Malgré les tensions internes relatives aux stratégies utilisées (certification ou intégration, entre autres) et aux pressions du contexte (crise, compétition des firmes privées, labels alternatifs, etc.), de nouvelles pratiques et collaborations émergent au centre ou en périphérie du mouvement et constituent le germe de ce que sera le commerce équitable de demain.

Devant cette dynamique qui amène une certaine confusion et avant d’envisager des scénarios pour demain, il est important de se rappeler le potentiel transformateur du commerce équitable, sa mission première en quelque sorte. Il s’agit d’une mission qui malgré l’évolution du mouvement ou du contexte demeurera pertinente.

"Le commerce équitable ne peut-il être considéré comme un moyen pour les habitants du Nord d’interroger leur mode de vie, largement centré sur la consommation, et de s’intéresser à la manière de vivre des autres populations du monde ? Dans cette perspective, la réflexion proposée par le commerce équitable est au fondement de tout changement social, mobilisé par le sentiment d’injustice et de révolte du monde contemporain. Le commerce équitable n’est-il pas, en fin de compte, un point de départ pour une réflexion écologique et sociale sur les échanges entre les hommes ?" (Diaz Pedregal, 2008 : 22) 

Les défis se situent donc moins au niveau de la pertinence ou des fondements du commerce équitable que de ses stratégies et de sa gouvernance.

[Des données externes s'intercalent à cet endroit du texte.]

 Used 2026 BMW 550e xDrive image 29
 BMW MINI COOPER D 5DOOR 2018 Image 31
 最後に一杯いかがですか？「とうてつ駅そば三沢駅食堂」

Avant de présenter les scénarios, il faut noter que les tensions internes au mouvement sont inévitables. En effet, les tensions autour des stratégies à utiliser pour produire le changement escompté sont inévitables et se situent au cœur du fonctionnement des mouvements sociaux. Si on peut s’entendre sur les grands objectifs formulés en termes d’impacts sociaux, environnementaux et économiques, les stratégies pour y arriver et les objectifs intermédiaires feront toujours objets de débat [3]. C’est la capacité du mouvement à les organiser et à les canaliser qui lui permettra de survivre. Aussi, il lui faut être en mesure d’identifier et de valoriser certaines tendances émergentes qui pourraient devenir structurantes pour le mouvement. C’est l’objectif des trois scénarios que nous présentons et qui constituent certaines avenues possibles du mouvement. 

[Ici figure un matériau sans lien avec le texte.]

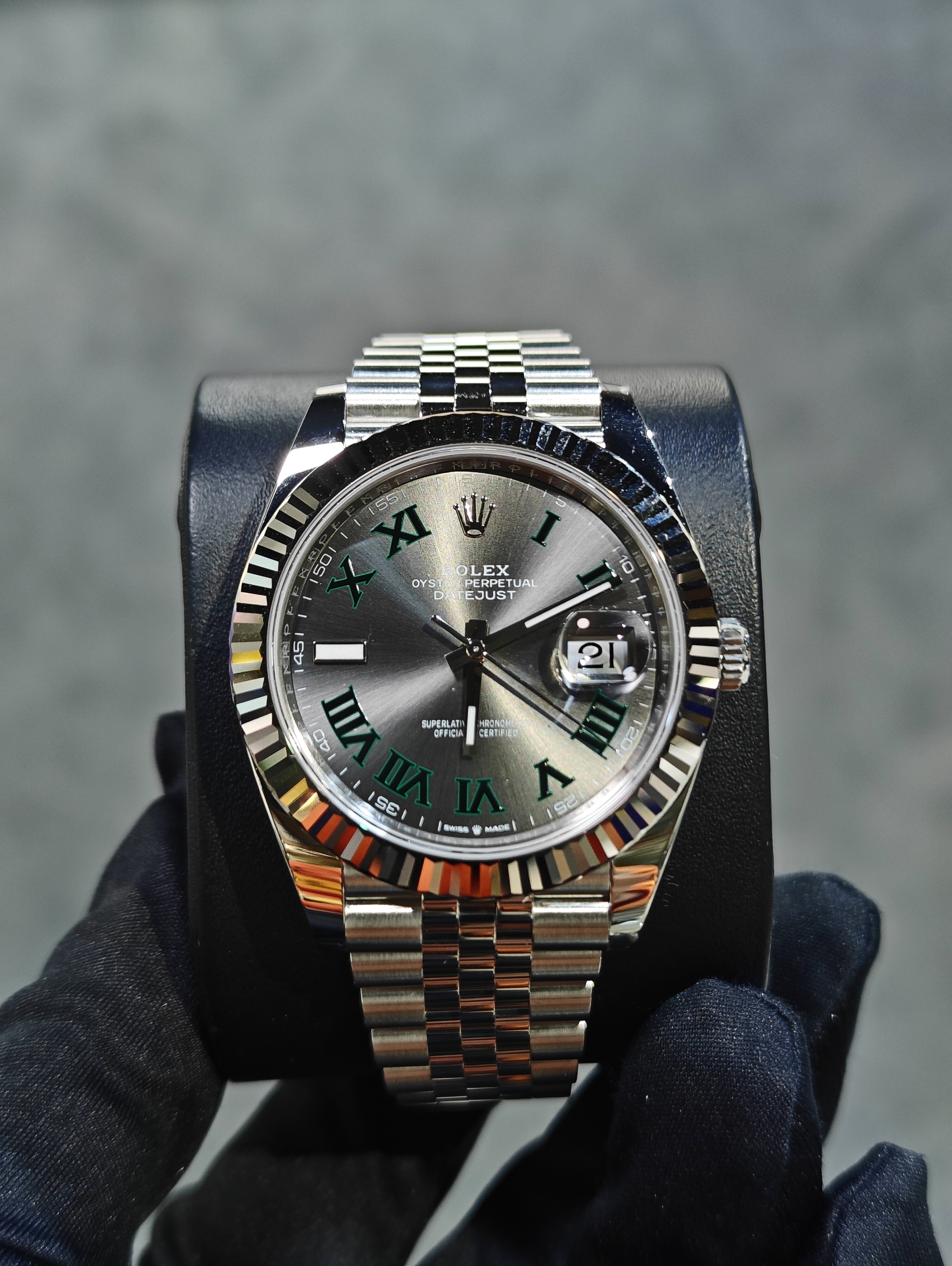 ロミ Rolex 126334 grey Datejust green roman index jubilee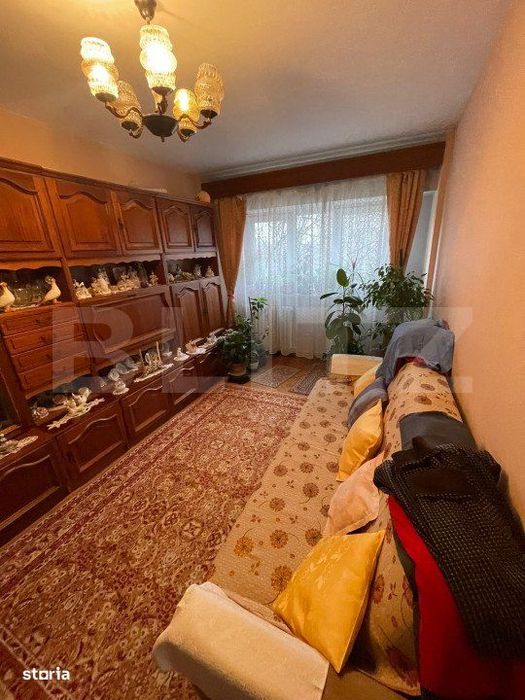 Apartament cu 4 camere , 79 mp, zona Micro 17 — fotografia 3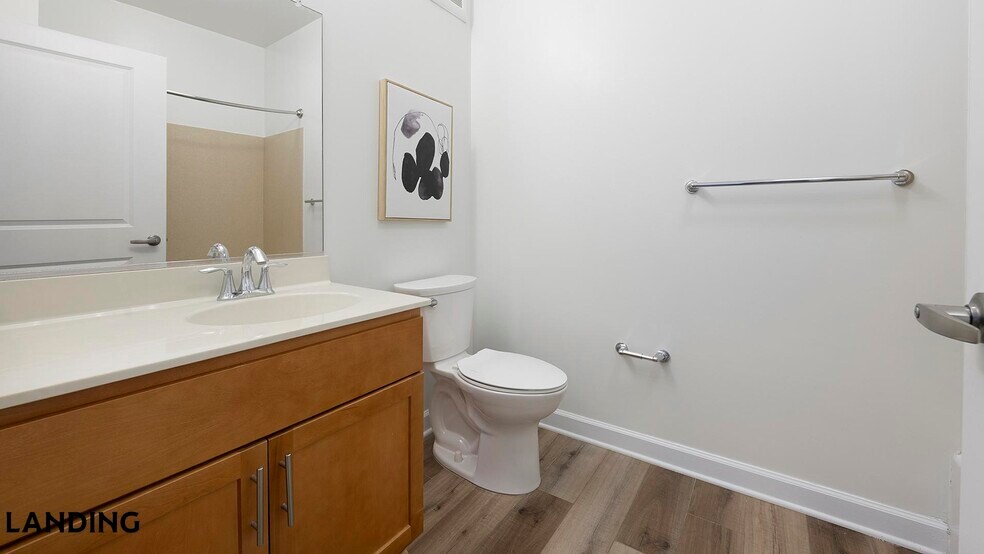 Building Photo - 909 Mansion Dr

Scénario 1. La multiplication des initiatives provoque la banalisation du commerce équitable

Le premier scénario est celui de la banalisation et de la marginalisation du commerce équitable. Dans le contexte actuel, il semble qu’il reste tout de même probable. Cette dilution n’est cependant pas expliquée que par le contexte économique difficile, mais bien par des choix stratégiques du mouvement relatifs à la multiplication des labels et aux alliances établies par le commerce équitable avec les acteurs conventionnels.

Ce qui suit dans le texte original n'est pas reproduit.